Eric Scott (Brydon) is an accountant who is spiraling into crippling depression. His job is as boring as you might guess it is, his teenage son Billy (White) has little use for him (as teenage sons will do) and he suspects his wife Heather (Horrocks) who recently was elected to the borough council of having an affair with her obsequious boss (Daws).
Eric waits for six o’clock to check out of life for a little bit, heading down to the local municipal pool to swim laps and sometimes slip to the bottom to drown out the noise of his phone ringing endlessly, no pun intended. There he meets a group of seven men who get together to practice a sport men generally shy away from: synchronized swimming.
Yes, it’s an Olympic sport but only for the ladies. I think men are mainly confounded by the concept of working and moving in unison to create something beautiful. For the most part, the guys that Eric hooks up with – depressed Kurt (Akhtar), confidence lacking Luke (Graves), petty convict Tom (Turgoose), recently widowed Ted (Carter), non-talkative Silent Bob (Jepson), The New Guy (Daly) who refuses to give his name, even though he’s been part of the troupe for more than a year, and frustrated Colin (Mays).
Pool manager Susan (Riley) who knows something about synchronized swimming since she’s dating the captain of the Swedish team, sees something in these middle-aged, paunchy non-athletes. She endeavors to train them, thinking that they can represent Great Britain at the unofficial world championships (and yes, that’s really a thing) in Milan. The men other than Luke (who has a sweet on for the taken Susan) are a bit reluctant but they decide to go for it.
There’s nothing easy about it though and the men find themselves suspecting they are in over their heads. In the meantime, Eric’s marriage is continuing to crumble at an accelerating rate and work has gone from boring to irrelevant. Still, now he has something to believe in – if only his team can believe in each other.
Brydon is in many ways a poor man’s Hugh Grant; he’s a very handsome man who somehow manages to project an almost hangdog expression. He’s the anchor for the movie in more ways than one. I’ve enjoyed him as Steve Coogan’s second banana in the Trip movies but he’s not here doing impressions or wacky voices but relying on his charm and his comic ability and there’s more than enough here to carry the film. That’s a good thing because for most of the first part of the film Eric is quite the jerk.

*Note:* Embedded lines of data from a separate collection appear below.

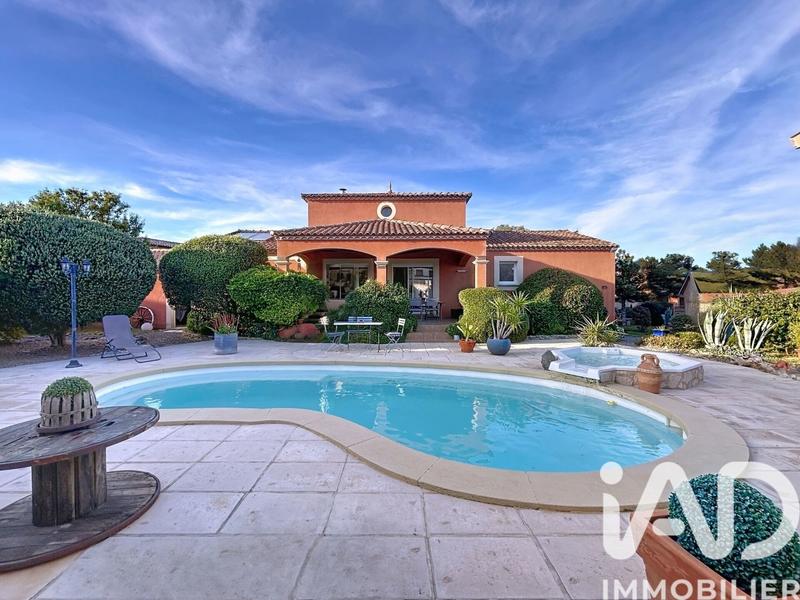 Maison - 126 m² - 5 pièces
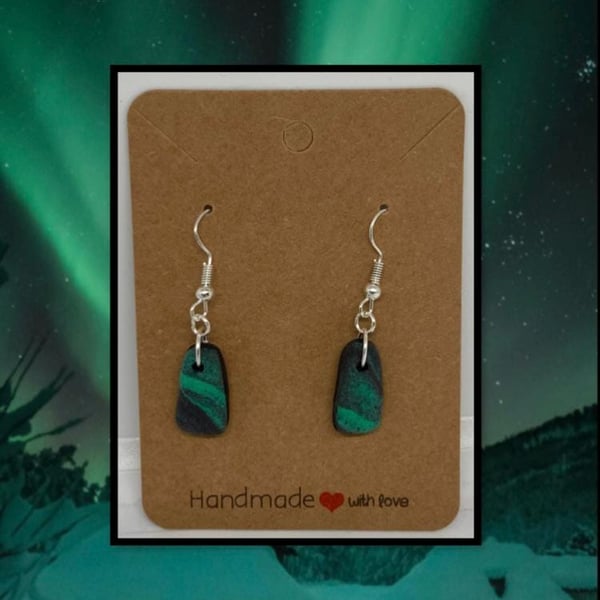 Outlet Northern lights drop earrings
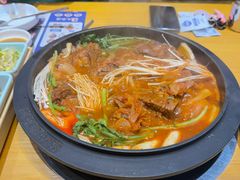 -韩香福烤肉庄园(荣成店)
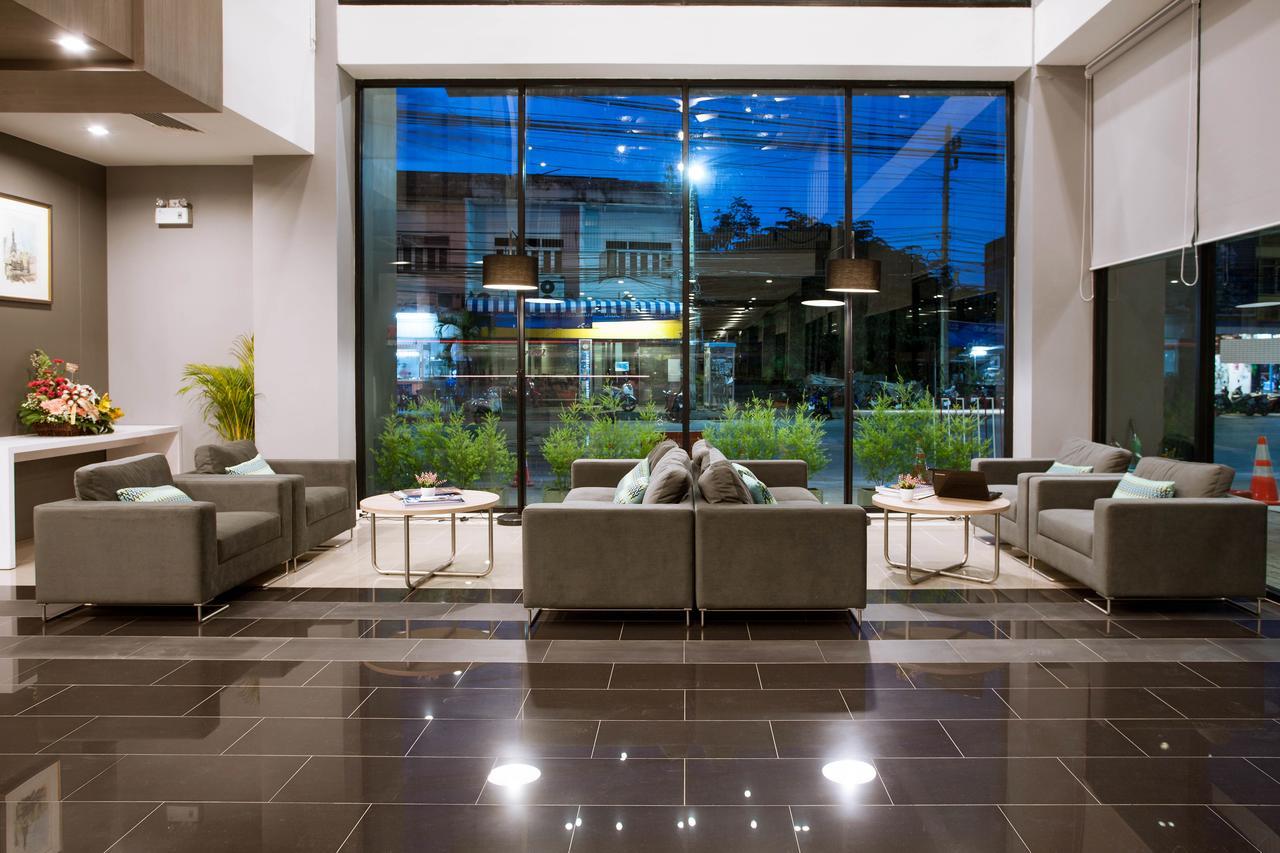 Leosor Hotel Накхонратчасима Экстерьер фото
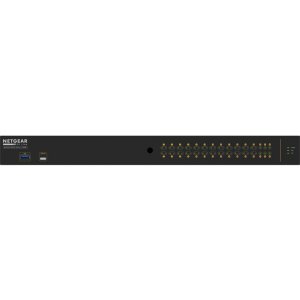 Netgear GSM4230UP-100NAS Av Line M4250-26g4f-poe++ 24x1g Ultra90 Poe++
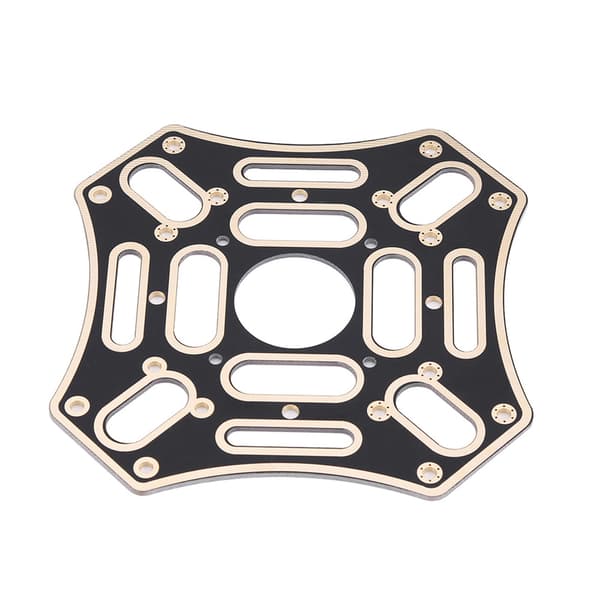 Quadcopter FPV Aircraft Drone Frame Kit RC Tilbehør Integreret PCB Board til DJI F450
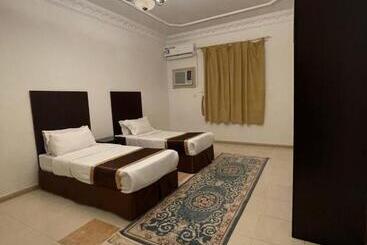 Апарт-отель الجوهرة للشقق المخدومة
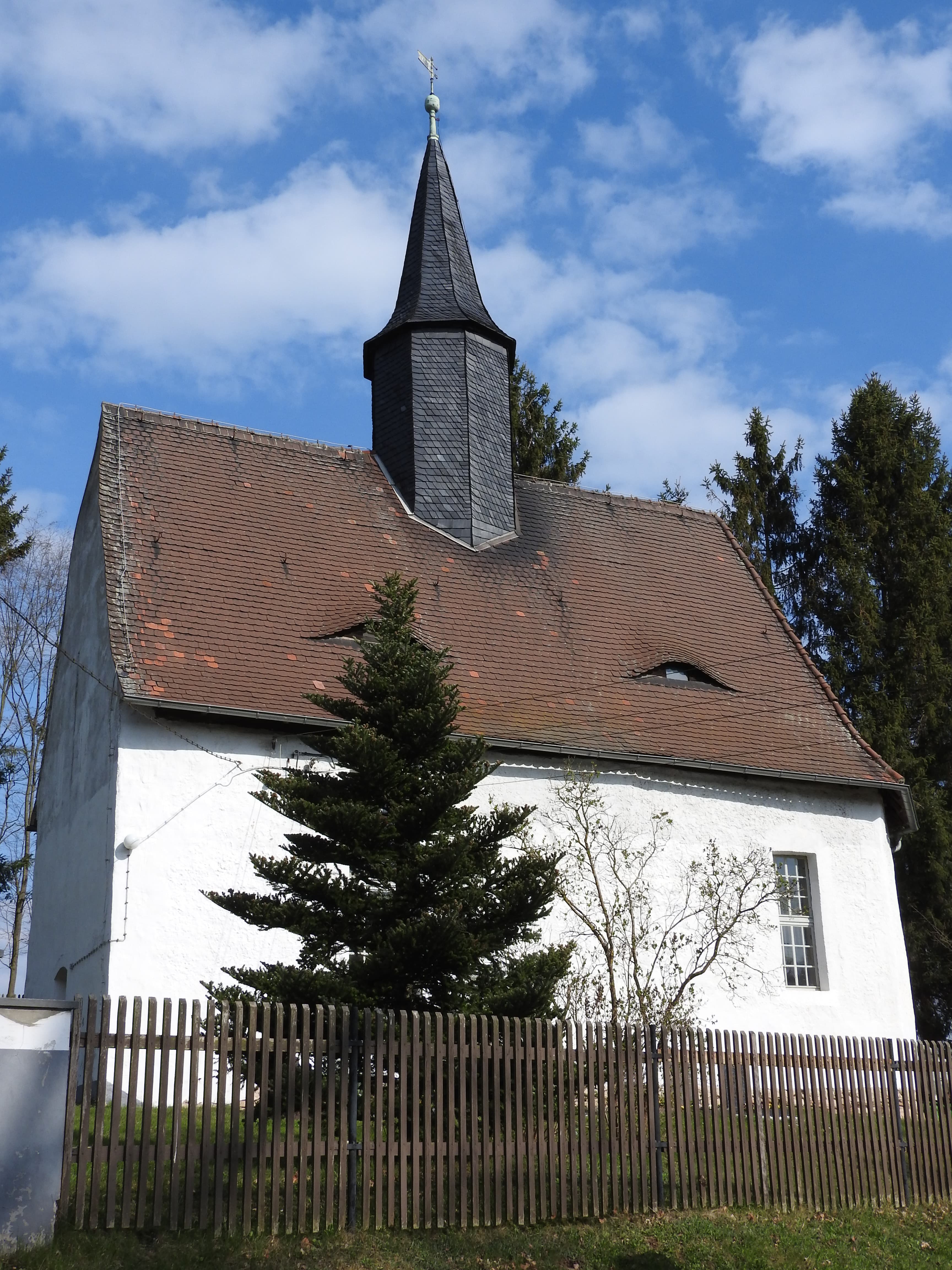 St. Markus (Schöna)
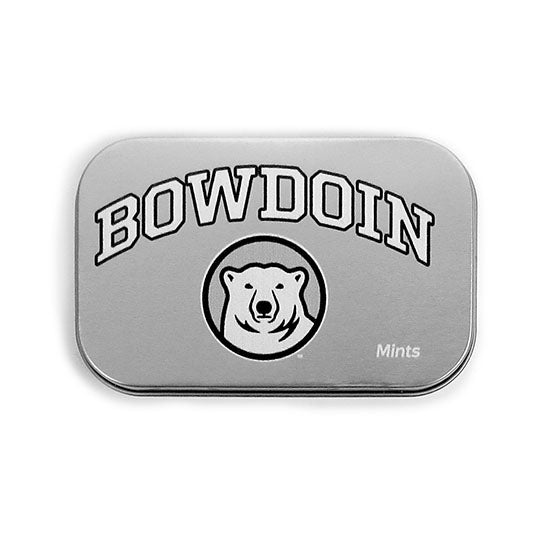 Bowdoin Mint Tin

The rest of the cast, mainly acclaimed British character actors and veterans of British television, acquit themselves well although their parts are mainly one-dimensional. It’s actually a little comforting that sort of thing happens in the UK as well as here. Anyway some of the characters could have done with a bit more depth.
Not all the comedy works and the end is more than a little bit predictable but this is a movie with a whole lot of heart and charm and while critics tend to grouse about movies like this being emotionally manipulative (which never fails to amaze me – all films are to some extent), this one found it a nicely made movie that gave me enough of the warm fuzzies to make it more than worthwhile.
REASONS TO GO: The concept is really nice. The ending is not a shocker but still heartwarming.
REASONS TO STAY: The supporting characters lack depth even though they are well-acted.
FAMILY VALUES: There is profanity, some brief nudity and sexual references.
TRIVIAL PURSUIT: The Swedish men’s synchronized swimming team was played by the actual Swedish national swimming team. This film is loosely based on their story.
BEYOND THE THEATERS: Amazon, Fandango Now, Google Play, iTunes, Microsoft, Vudu, YouTube
CRITICAL MASS: As of 12/8/18: Rotten Tomatoes: 47% positive reviews: Metacritic: 44/100.